Os oito apocalípticos aspirantes a integrados, atuais moradores transitórios do pavilhão cinco, lutavam diariamente contra suas inclinações para, um dia, terem seus retratos pendurados naquelas paredes. Mas um deles pretendia algo diferente. Algo que o elevasse à condição transcendente de messias salvador.

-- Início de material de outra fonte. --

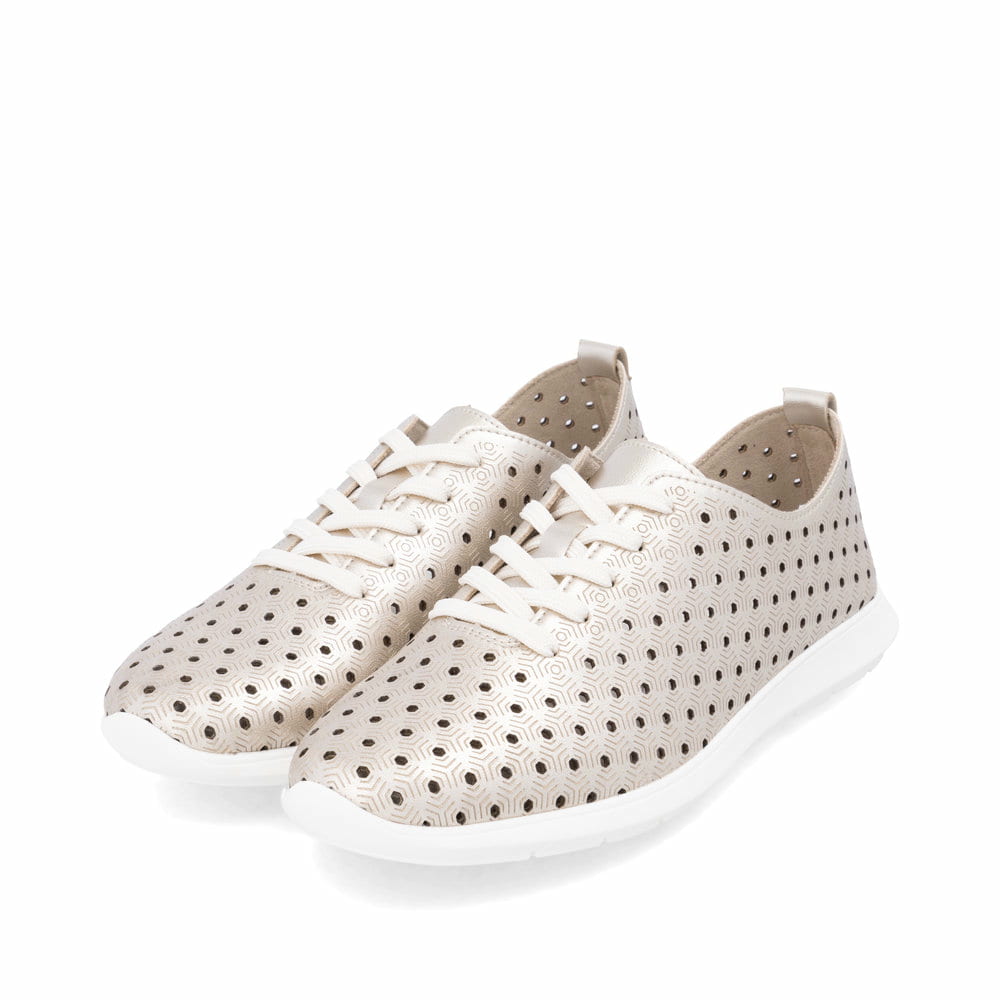 Remonte Damen Schnürschuhe - Metallic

Condenado por formação de quadrilha, uma condenação aparentemente menor em comparação às dos outros detentos, Ramiro foi o responsável pela organização criminal mais longeva e violenta do bairro onde morava. Sob seu comando estiveram onze meliantes responsáveis por crimes das mais diversas naturezas. Era um líder nato e, como tal, tinha a eloqüência necessária para aliciar tanto marginais quanto almas retas para seus esquemas. Conhecia a todos e mantinha-os perto fazendo-os acreditar que eram seus amigos. Era muito bom nisso.
Com sua capacidade ímpar de angariar informações, Ramiro descobriu que haveria algum evento interno daqui a três meses. Seu raciocínio rápido cruzou dois dados importantes que culminariam numa fuga perfeita: distração no mês de seu aniversário. Sairia da cadeia e comemoraria seus vinte e sete anos dentro do seu antigo covil, já preparando o próximo golpe.
Pôs mãos à obra e levantou o necessário: mapas, plantas, bilhetes, favores e concessões, tudo foi feito. Desenhou o plano e o caminho que faria através dos dutos de esgoto, as galerias pluviais e os corredores elétricos por sob a carceragem. Pronto. Precisaria de exatamente oitenta e sete dias entre o início das operações e a saída ao ar livre no dia do seu aniversário.
Apenas os mais confiáveis colegas de presídio sabiam do planejamento. Por mais que se sentisse auto-suficiente, teria que compartilhar algumas informações para conseguir privilégios e, no fundo, se sentir seguro, mas, principalmente, para ter de quem se vingar caso algo saísse do seu controle.
Como um bom gerente de projetos, foi ajustando alguns planos e se colocando algumas metas intermediárias, até que no octogésimo sexto dia, conseguiu chegar à saída de esgoto que precisava. Ela estava lá, disponível e desguarnecida. Apenas um empurrão o separava da sua liberdade. Nesse dia, voltou para dentro de sua cela com um sorriso estampado no rosto. Faria as coisas agora devagar. Sua última refeição em cativeiro a degustaria com calma, como se já estivesse na laje do seu barraco com vista para o mar.
No dia seguinte, com todos os presos em suas devidas celas, viu o movimento dos guardas no horário combinado em direção ao tal evento. Esperou ansioso até que se trancafiasse o último cadeado e engendrou seu plano. Entrou pela privada contorcendo-se pelo sifão, vocês não sabem a bitola dos canos de esgoto dessas instalações hoje em dia e o quanto um perito em fugas pode dobrar-se na direção de seu objetivo. Passou do esgoto para a rede pluvial, desta para as galerias e de lá para os corredores elétricos, como havia pensado. No fim de um corredor, as luzes entravam em fachos redondos por entre os buracos da pesada tampa de aço no teto do corredor. Subiu uma pequena escada e certificando-se que a luz era somente a da lua, forçou o pesado aço com os ombros, deslocando a tampa e, finalmente, fitou a amplitude do céu salpicado de estrelas.
No último impulso, aquele que damos para colocar o corpo todo para fora de um buraco onde não queremos estar, foi surpreendido por uma forte luz. O holofote havia sido ligado. Alguém o tinha delatado. Imóvel, não ouviu sirene, nem gritos de “pare” nem estampido de tiros, mas um coro dissonante de vozes conhecidas cantando “parabéns a você” enquanto as luzes da festa ao ar livre acendiam e revelavam qual era o inusitado evento em que guardas estariam no dia de seu aniversário.